Le délit de prise illégale d’intérêts peut être constitué lorsque l’élu participe aux seules étapes du processus de décision (Cour de cassation, chambre criminelle, 5 avril 2018, req. n° 17-81.912) ou à une réunion informelle (Cour de cassation, chambre criminelle, 20 janvier 2021, req. n° 19-86.702).
Au regard de ce risque pénal, la Haute Autorité pour la transparence de la vie publique invite, dans son guide déontologique, les élus à se déporter de toute décision relative aux associations où ils exercent des fonctions, même à titre bénévole, en tant que représentant de la collectivité, « notamment les décisions leur octroyant des subventions et portant sur les contrats susceptibles d’être conclus avec elles » (Guide déontologique II, Contrôle et prévention des conflits d’intérêts).
S’agissant par ailleurs du risque d’annulation de la délibération, l’article L. 2131-11 du CGCT dispose que « sont illégales les délibérations auxquelles ont pris part un ou plusieurs membres du conseil intéressés à l’affaire qui en fait l’objet, soit en leur nom personnel, soit comme mandataires ».

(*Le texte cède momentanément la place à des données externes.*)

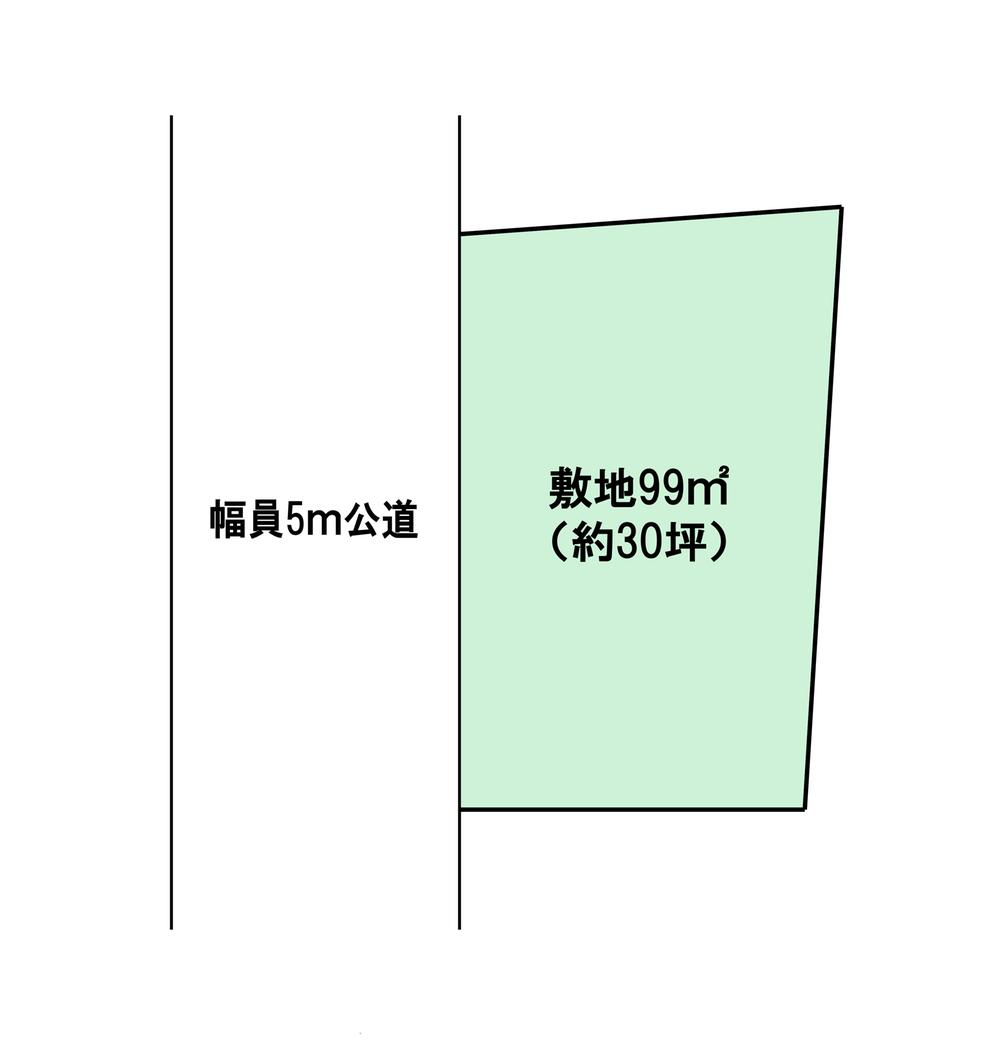 Compartment figure. Land price 12 million yen, Land area 99 sq m compartment view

La jurisprudence administrative retient l’illégalité de la délibération si l’élu intéressé à l’affaire a un intérêt qui ne se confond pas avec ceux de la généralité des habitants (Conseil d’État, 1er juillet 2019, req. n° 410714) et, de manière cumulative, s’il a été en mesure d’exercer une influence sur la délibération (Conseil d’État, 12 octobre 2016, req. n° 387308).
Ainsi, le Conseil d’État a jugé que les conseillers municipaux, président et membres du conseil d’administration d’une association gérant une maison de retraite, ont intérêt à l’affaire et que leur participation entache d’illégalité les délibérations accordant des garanties d’emprunt à l’association (Conseil d’État, 9 juillet 2003, req. n° 248344).

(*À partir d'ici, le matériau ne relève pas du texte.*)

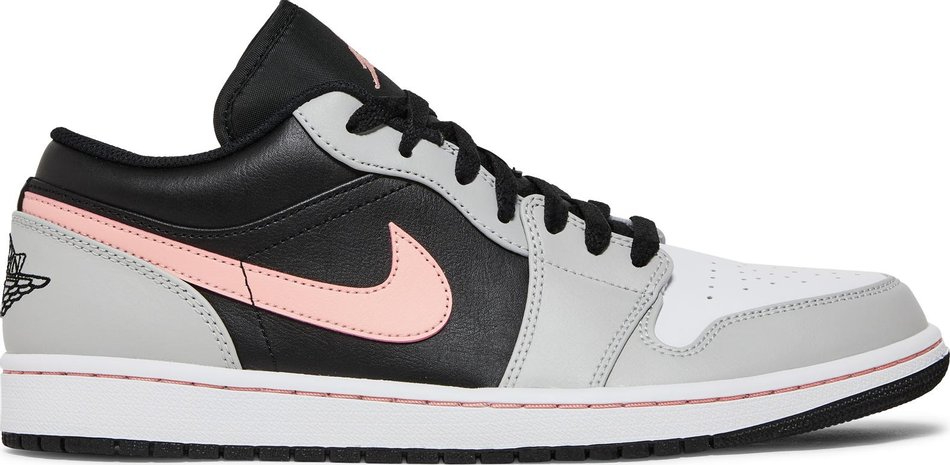 Air Jordan 1 Low 'Black Grey Fog Bleached Coral' 553558-062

Par ailleurs, la participation de l’élu intéressé, même exclusive de tout vote, aux travaux préparatoires et aux débats précédant l’adoption d’une délibération est susceptible de vicier sa légalité, si le conseiller municipal intéressé a été en mesure d’exercer une influence sur la délibération (Conseil d’État, 12 octobre 2016, req. n° 388232). À ainsi été jugée illégale une délibération prise par la commune sur le rapport de l’élu intéressé, qui a également présidé la séance et pris part activement aux débats, exerçant ainsi une influence sur cette décision (Cour administrative d’appel de Lyon, 29 avril 2021, req. n° 19LY02640).
De manière générale, afin d’éviter tout risque pénal ou d’annulation, et sous réserve de l’appréciation souveraine du juge, il appartient aux élus intéressés à une affaire de s’abstenir d’intervenir dans les travaux préparatoires de la délibération.